I struggle in coding interviews precisely because of this: either I end up vocalizing my emotions and insecurities instead of coding, or I end up coding instead of talking about what I'm trying to accomplish. Often I will see many alternate pathways branching out before me, but if I try to start talking about them, I am no longer coding, and so my brain context-switches to "social and emotional."
Probably something I could get better at with practice, but I honestly end up commenting on places like HN simply because it "allows" me to think.

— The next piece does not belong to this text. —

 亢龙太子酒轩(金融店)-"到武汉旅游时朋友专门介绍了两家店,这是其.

If I could have a coding interview in the form of realtime text chat + code, that would be ideal for me.
I guess I have seen companies do things like "contribute to this open source project and work through an MR." I do find that quite appealing as an interview process.
Some studies indicate that it's as low as 30% of people who do (so 70% don't have an inner monologue), while others show the opposite, implying around 75% of people have some amount of inner monologue while 25% do not. It's a difficult subject to test and study since we don't have direct access to people's minds and asking someone what they're thinking about literally forces their thoughts through the filter of language.

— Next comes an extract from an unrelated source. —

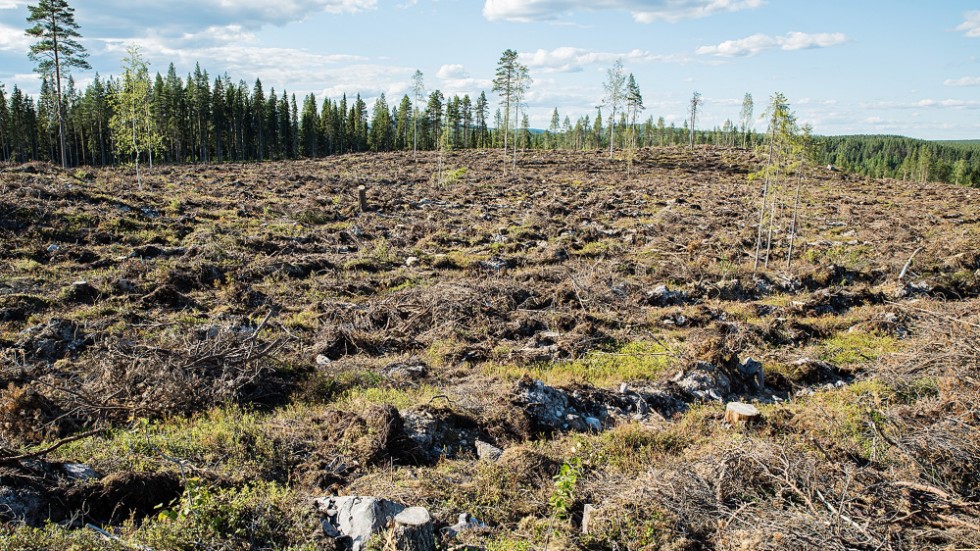 Skribenten menar att politikerna bör skydda de sista spillror av gammelskog vi har kvar.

[1] https://science.howstuffworks.com/life/inside-the-mind/human...
When I’m doing particularly hard programming work, I can’t have words said near me. Even music with lyrics messes me up. I think because it wakes up my “thoughts to English” pathway and that gets in the way of my “thoughts to code” pathway.
Anyway, I don’t want to be cured. There’s nothing wrong with my mind. If anything I feel sorry for people who can’t turn off their inner dialogue, because it means they can never use those neurons for other tasks - like maths or programming.

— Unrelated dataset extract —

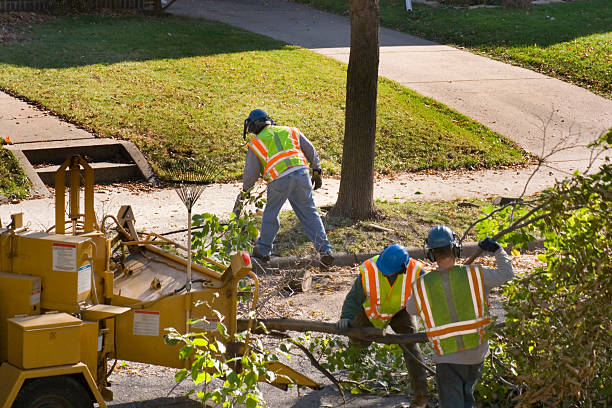 Best Utility Line Clearance  in Lake Monticello, VA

Personally I can talk while programming if an interviewer wants that, but I’ll be a bit dumber at the keyboard than if I sat in silence.
The second paragraph in this comment is very, very, very close to how my brain operates: <https://news.ycombinator.com/item?id=40290732>.
And I've been programming professionally for quite a long while now, so this quirk of mine doesn't seem to have made it difficult for me to work at programming shops.